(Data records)
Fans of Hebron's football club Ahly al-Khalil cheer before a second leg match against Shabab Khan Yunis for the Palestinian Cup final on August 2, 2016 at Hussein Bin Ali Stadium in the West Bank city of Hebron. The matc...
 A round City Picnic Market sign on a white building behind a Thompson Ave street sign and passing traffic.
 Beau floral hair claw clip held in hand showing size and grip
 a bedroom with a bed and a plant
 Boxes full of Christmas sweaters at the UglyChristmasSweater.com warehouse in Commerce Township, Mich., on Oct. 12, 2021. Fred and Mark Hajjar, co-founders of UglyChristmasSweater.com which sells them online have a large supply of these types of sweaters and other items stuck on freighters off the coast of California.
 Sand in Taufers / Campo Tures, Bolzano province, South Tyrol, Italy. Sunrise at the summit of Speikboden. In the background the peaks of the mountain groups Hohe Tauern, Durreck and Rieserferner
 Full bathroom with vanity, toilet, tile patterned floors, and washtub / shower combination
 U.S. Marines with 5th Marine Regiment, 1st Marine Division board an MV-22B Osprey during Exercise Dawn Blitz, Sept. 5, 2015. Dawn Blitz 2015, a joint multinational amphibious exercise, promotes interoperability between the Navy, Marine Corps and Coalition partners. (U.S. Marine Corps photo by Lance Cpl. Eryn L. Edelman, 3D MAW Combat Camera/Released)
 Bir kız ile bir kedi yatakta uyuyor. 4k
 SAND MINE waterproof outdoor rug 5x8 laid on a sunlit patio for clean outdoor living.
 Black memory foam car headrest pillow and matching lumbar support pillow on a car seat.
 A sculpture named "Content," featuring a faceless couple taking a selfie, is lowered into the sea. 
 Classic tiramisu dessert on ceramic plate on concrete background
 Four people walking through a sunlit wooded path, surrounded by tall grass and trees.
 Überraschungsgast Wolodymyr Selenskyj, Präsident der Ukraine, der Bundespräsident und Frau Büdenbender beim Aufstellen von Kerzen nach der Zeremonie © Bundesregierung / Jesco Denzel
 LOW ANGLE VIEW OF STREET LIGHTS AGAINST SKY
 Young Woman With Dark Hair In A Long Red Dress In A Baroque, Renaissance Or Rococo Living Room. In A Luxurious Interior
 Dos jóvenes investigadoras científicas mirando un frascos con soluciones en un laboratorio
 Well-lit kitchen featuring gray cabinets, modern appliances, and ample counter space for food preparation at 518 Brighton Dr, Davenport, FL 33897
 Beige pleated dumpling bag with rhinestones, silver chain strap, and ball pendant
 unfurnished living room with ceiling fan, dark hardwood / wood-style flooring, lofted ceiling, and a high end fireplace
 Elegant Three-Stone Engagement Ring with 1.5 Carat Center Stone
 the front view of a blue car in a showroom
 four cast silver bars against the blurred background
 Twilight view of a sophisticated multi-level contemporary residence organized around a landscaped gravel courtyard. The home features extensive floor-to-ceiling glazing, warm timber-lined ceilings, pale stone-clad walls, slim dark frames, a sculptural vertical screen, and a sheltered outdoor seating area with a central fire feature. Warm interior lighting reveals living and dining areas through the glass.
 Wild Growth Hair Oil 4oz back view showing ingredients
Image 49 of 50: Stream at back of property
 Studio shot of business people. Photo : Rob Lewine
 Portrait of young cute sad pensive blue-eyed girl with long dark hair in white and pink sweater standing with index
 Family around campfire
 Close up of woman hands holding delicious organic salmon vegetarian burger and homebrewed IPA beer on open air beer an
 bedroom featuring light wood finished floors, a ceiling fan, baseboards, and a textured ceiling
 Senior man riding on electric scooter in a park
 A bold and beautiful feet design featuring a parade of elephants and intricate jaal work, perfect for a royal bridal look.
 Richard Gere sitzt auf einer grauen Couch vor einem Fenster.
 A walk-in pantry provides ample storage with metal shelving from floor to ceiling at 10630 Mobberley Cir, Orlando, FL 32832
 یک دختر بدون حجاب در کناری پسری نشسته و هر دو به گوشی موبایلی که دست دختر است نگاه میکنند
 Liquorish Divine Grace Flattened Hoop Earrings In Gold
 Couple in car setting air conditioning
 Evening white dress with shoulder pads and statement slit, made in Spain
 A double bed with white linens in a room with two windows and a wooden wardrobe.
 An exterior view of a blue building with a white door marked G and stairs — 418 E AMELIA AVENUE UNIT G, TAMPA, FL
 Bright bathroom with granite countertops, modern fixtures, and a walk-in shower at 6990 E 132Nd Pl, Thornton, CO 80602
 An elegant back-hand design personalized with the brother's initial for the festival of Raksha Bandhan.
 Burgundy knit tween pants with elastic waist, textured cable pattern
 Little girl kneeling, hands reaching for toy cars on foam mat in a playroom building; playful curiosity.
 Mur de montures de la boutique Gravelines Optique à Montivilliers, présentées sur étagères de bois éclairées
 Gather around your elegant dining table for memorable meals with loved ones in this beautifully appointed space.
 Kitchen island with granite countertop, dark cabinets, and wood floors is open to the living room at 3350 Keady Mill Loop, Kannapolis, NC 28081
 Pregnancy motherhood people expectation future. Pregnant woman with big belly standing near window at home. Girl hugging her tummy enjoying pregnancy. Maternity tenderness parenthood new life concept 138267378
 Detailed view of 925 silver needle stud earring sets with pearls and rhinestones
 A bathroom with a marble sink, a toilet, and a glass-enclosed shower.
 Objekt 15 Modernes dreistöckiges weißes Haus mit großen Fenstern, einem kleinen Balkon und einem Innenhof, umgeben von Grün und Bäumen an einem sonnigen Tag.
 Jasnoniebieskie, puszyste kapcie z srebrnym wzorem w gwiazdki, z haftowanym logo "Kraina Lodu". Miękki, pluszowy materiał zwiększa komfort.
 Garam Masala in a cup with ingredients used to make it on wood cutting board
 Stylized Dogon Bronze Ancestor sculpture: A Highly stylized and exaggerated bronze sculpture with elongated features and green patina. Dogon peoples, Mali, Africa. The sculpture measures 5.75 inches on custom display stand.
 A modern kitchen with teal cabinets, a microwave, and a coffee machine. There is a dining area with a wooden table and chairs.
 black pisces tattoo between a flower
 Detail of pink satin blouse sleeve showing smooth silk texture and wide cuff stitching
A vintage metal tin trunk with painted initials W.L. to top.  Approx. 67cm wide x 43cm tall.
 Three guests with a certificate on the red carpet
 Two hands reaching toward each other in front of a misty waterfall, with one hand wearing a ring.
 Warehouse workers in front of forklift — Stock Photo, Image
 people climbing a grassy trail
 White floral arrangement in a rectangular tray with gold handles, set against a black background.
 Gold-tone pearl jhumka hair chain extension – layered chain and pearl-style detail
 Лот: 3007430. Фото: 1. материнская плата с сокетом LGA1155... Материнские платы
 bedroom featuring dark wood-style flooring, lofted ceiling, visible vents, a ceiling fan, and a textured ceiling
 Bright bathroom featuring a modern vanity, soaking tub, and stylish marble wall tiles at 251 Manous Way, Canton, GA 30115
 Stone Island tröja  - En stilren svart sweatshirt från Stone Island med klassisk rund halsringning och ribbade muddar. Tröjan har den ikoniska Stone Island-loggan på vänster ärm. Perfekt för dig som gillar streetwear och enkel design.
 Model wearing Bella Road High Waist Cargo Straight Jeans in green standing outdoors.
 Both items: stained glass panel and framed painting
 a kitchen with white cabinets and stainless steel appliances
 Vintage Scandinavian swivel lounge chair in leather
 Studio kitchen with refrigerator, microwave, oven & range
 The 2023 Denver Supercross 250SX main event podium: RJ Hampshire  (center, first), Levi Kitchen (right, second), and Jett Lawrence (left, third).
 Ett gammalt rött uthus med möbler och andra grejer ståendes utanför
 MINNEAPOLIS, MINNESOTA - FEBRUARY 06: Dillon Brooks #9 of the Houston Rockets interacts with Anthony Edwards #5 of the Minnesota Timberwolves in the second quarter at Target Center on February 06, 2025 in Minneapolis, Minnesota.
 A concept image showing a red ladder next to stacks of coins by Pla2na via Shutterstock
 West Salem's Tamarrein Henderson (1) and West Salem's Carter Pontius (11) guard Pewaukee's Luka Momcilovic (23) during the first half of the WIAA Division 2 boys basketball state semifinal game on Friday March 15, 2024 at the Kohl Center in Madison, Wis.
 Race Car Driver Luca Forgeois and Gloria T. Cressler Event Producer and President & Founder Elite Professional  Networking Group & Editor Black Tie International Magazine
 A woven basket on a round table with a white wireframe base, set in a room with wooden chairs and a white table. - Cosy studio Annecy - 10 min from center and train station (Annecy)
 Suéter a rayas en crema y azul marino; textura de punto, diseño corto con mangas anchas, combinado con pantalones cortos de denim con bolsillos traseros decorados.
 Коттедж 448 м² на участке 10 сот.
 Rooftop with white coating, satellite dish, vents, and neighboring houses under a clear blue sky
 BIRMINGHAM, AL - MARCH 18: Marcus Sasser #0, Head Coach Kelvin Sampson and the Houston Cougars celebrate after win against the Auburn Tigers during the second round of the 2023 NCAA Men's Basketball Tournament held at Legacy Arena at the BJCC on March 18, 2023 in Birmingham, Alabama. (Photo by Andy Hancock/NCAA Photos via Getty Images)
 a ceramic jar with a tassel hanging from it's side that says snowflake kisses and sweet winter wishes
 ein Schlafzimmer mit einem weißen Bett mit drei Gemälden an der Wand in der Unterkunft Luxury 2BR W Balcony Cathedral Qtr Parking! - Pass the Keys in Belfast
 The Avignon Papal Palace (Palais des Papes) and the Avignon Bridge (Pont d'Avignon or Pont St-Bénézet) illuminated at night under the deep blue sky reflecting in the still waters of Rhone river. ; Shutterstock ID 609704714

- DIRECTIONS FOR THIS TASK -
Copy, exactly and only, the lines above that begin with the one containing "یک دختر بدون" and finish with the one containing "An exterior view".

- SOLVED EXERCISE -
 یک دختر بدون حجاب در کناری پسری نشسته و هر دو به گوشی موبایلی که دست دختر است نگاه میکنند
 Liquorish Divine Grace Flattened Hoop Earrings In Gold
 Couple in car setting air conditioning
 Evening white dress with shoulder pads and statement slit, made in Spain
 A double bed with white linens in a room with two windows and a wooden wardrobe.
 An exterior view of a blue building with a white door marked G and stairs — 418 E AMELIA AVENUE UNIT G, TAMPA, FL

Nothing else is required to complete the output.